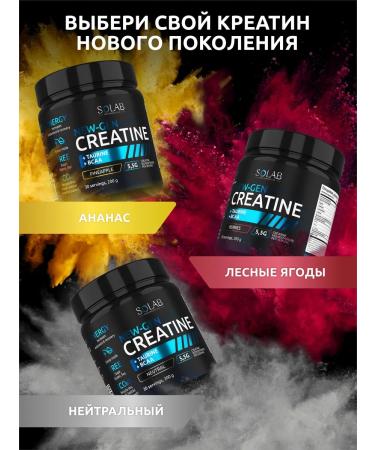 SOLAB Creatine Monohydrate with Taurin and BCAA 30 servings - Buy Online on GoSupps.com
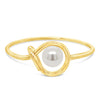 Absolute Slip-On Pearl Bangle, Gold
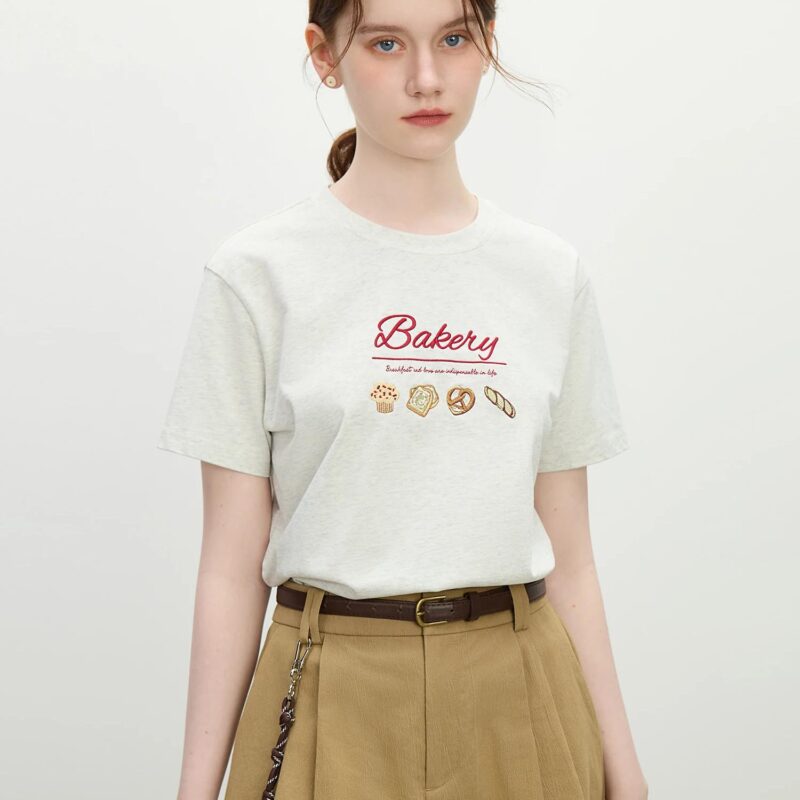 Summer Vintage Linen-Cotton Oversized Tee – Dusty Grey Casual Pullover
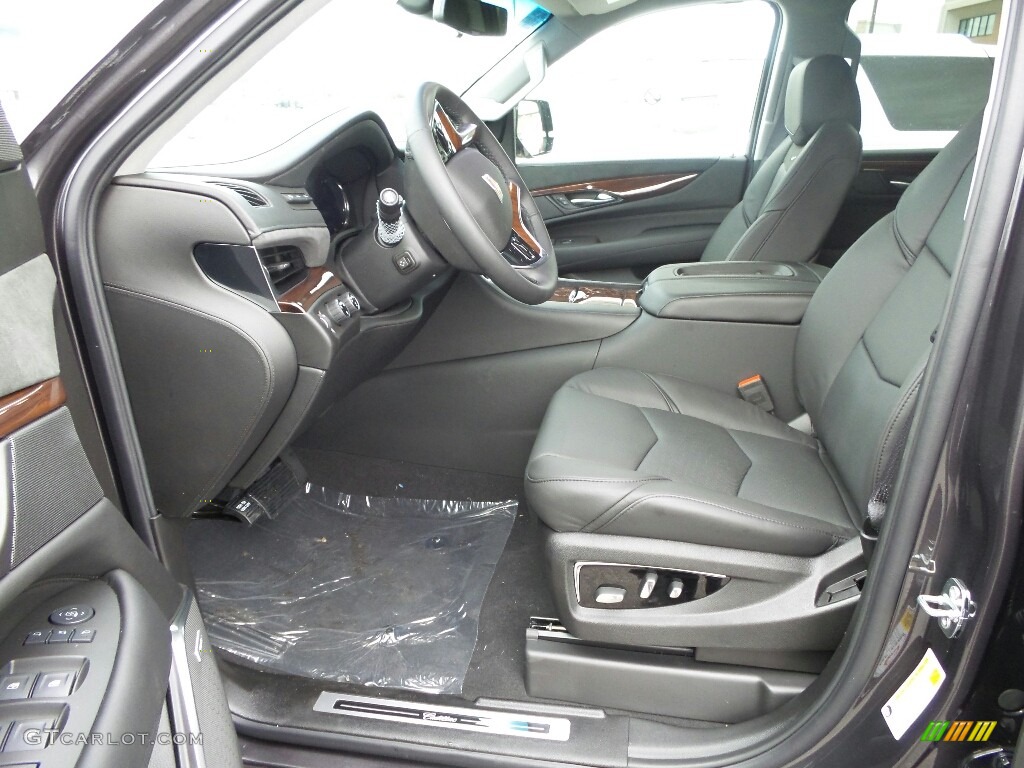 Jet Black Interior 2017 Cadillac Escalade ESV Premium Luxury 4WD Photo #118146572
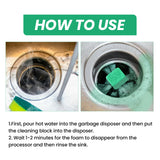 Garbage Disposal Cleaning Block, Kitchen Food Waste Disposal Agent Pipeline Cleaning Block - V.I.P Digital Presence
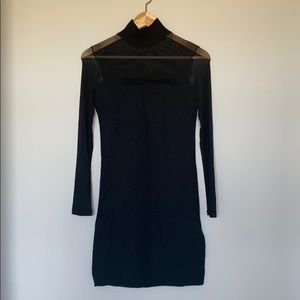 NWOT black sweater dress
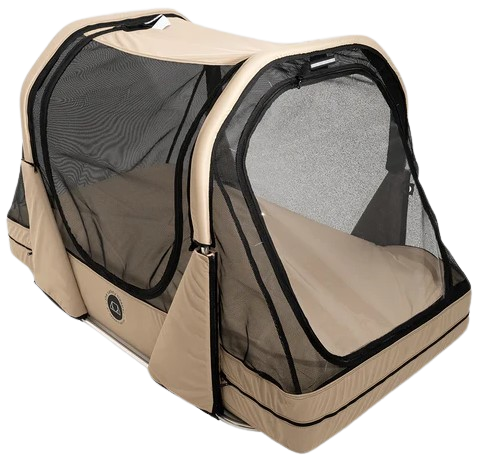 Front Right Side View Of The Abram's Nation Safety Sleeper 300 Model Shown In Shimmering Sand Color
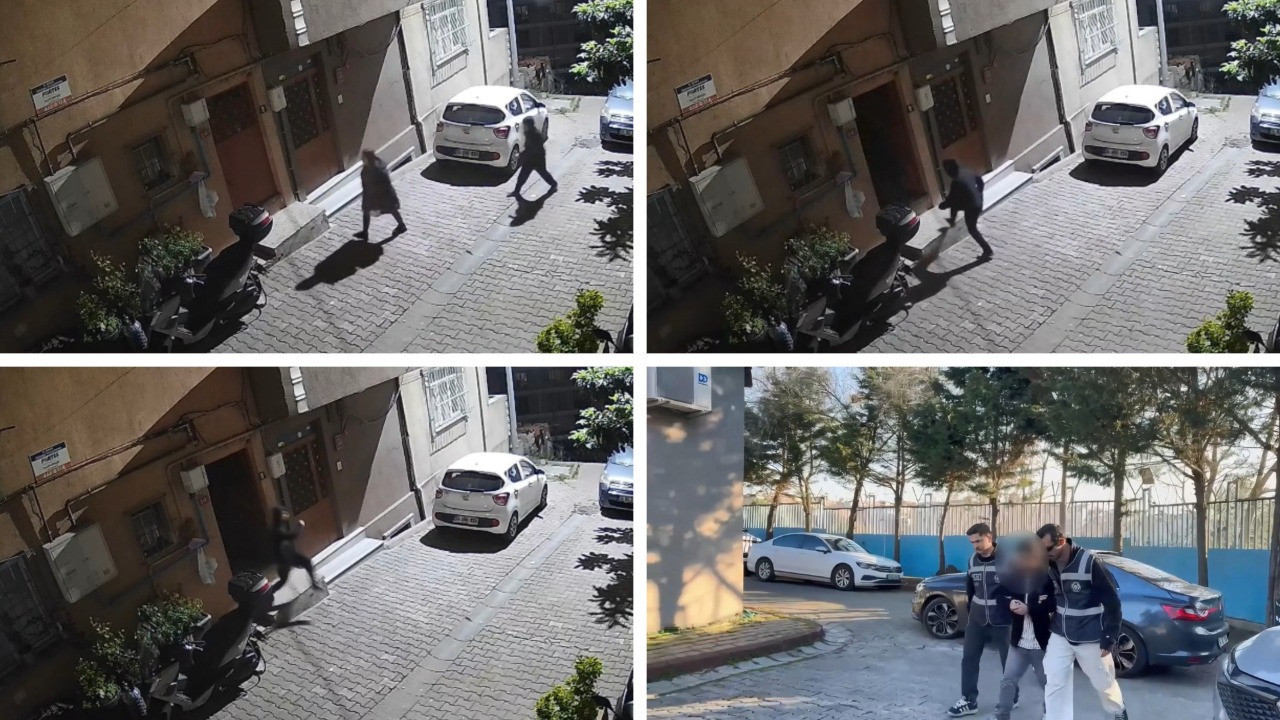 Kapı önünde kabus: Genç kadını takip edip taciz etti, savunması pes dedirtti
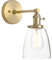 Phansthy Vintage Wandleuchte Moderne Wandlampe Deckenglocken klarglas Wandleuchten Wandbeleuchtung Industrie Loft-Wandlampe Wandbeleuchtung Küchenwandleuchte Spiegeleuchte (antike Farbe)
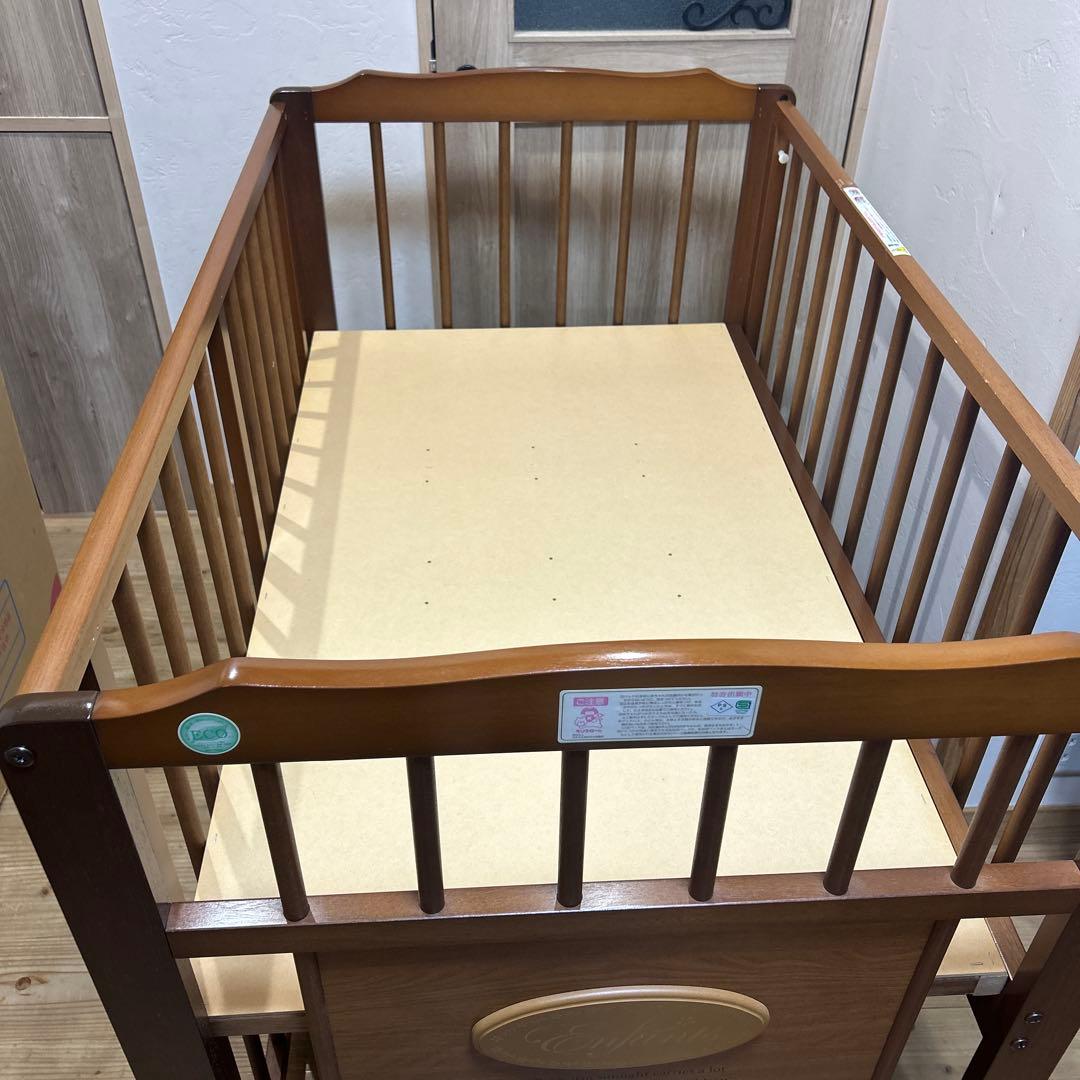 【最終お値下げ！】キンタロー ベビーベッド アンファンエコ 日本製 中古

○ ○ ○ ○ ○

Render the data above verbatim and without pictures.

 SOLAB Creatine Monohydrate with Taurin and BCAA 30 servings - Buy Online on GoSupps.com
 Absolute Slip-On Pearl Bangle, Gold
 Summer Vintage Linen-Cotton Oversized Tee – Dusty Grey Casual Pullover
 Jet Black Interior 2017 Cadillac Escalade ESV Premium Luxury 4WD Photo #118146572
 Garbage Disposal Cleaning Block, Kitchen Food Waste Disposal Agent Pipeline Cleaning Block - V.I.P Digital Presence
 NWOT black sweater dress
 Front Right Side View Of The Abram's Nation Safety Sleeper 300 Model Shown In Shimmering Sand Color
 Kapı önünde kabus: Genç kadını takip edip taciz etti, savunması pes dedirtti
 Phansthy Vintage Wandleuchte Moderne Wandlampe Deckenglocken klarglas Wandleuchten Wandbeleuchtung Industrie Loft-Wandlampe Wandbeleuchtung Küchenwandleuchte Spiegeleuchte (antike Farbe)
 【最終お値下げ！】キンタロー ベビーベッド アンファンエコ 日本製 中古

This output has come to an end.